The celebrated novelist tries his hand at visual art.
In 2019, after Baker finished Baseless, a nonfiction book about “horrible government programs that happened in secret a long time ago,” he “was wiped out. I needed a rehabilitation program. A less bleak way of looking at the world.” He set out to learn about artists with which he was unfamiliar and “try to master some of their techniques.” This handsome art book, amply illustrated with photos of subjects he drew and reproductions of paintings he copied, is the result. The author begins in a chatty style that emulates a children’s tale: “Hi, this is me.
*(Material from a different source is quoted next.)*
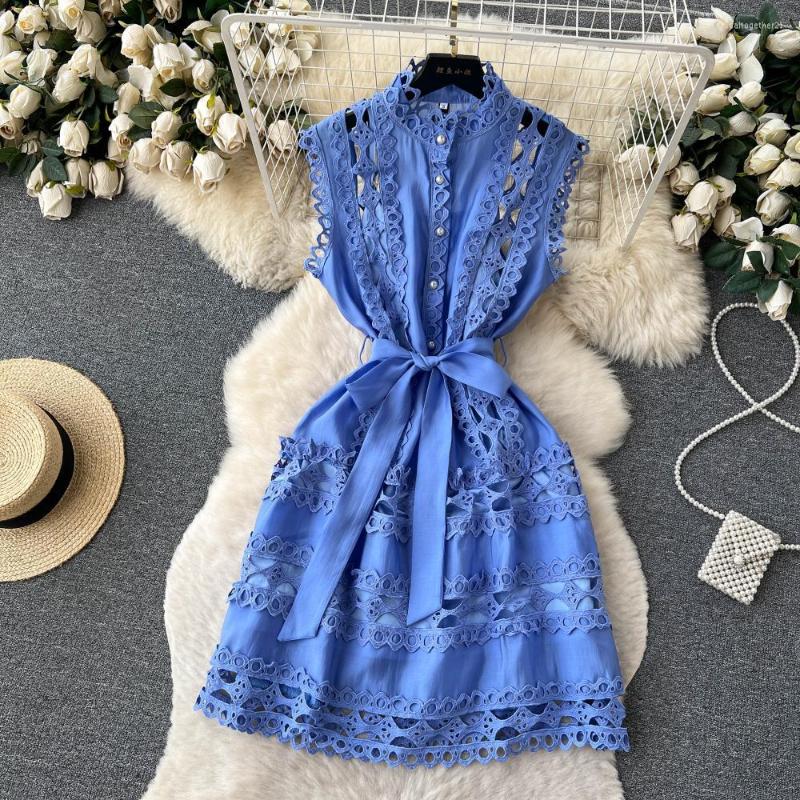 

Casual Dresses Vintage Hollow Out Lace Floral Embroidery Dress Summer Autumn Women Sleeveless Sashes Short Runway Vestidos N5084, Black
Welcome to my book Finding a Likeness.” From there, he documents the multiyear self-directed course that began in 2019 with Baker watching instructional YouTube videos, buying how-to-paint books, and turning to Pinterest, which was “uncannily good” at helping him discover artists. The narrative describes in detail the artistic activities that Baker, who lives in Maine, pursued over the next two years, from the four-day plein-air workshop in Camden, where his instructor passed along advice he had received (“Open your damn eyes!”); to his brief obsession with painting clouds, the “puffy, huge, lunglike, breathing, hippopotami of the sky”; and the online courses he took once the pandemic began. The book gets monotonous after a while—Baker tried this technique, then this one, then this one—but he is a witty guide, open about his failures and stumbles. For example, he says about his attempt to draw former New Yorker editor Harold Ross, “I tried twice and stopped. I’d made him look like a boxing promoter”; about his drawing of James Marcus, former editor of Harper’s, he says he looked “stretched, a little like Beavis in Beavis and Butt-Head.”
An amiable journey through an author’s attempts at mastering art.